▸ Data excerpts:
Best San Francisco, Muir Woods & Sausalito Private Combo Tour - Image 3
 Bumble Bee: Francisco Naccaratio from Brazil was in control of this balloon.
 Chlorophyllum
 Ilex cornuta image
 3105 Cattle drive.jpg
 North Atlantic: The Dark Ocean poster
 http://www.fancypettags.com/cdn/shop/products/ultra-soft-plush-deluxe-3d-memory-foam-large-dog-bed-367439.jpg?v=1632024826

▸ PROBLEM TO SOLVE:
Type out the entries once more, precisely.

▸ SOLVED EXERCISE:
Best San Francisco, Muir Woods & Sausalito Private Combo Tour - Image 3
 Bumble Bee: Francisco Naccaratio from Brazil was in control of this balloon.
 Chlorophyllum
 Ilex cornuta image
 3105 Cattle drive.jpg
 North Atlantic: The Dark Ocean poster
 http://www.fancypettags.com/cdn/shop/products/ultra-soft-plush-deluxe-3d-memory-foam-large-dog-bed-367439.jpg?v=1632024826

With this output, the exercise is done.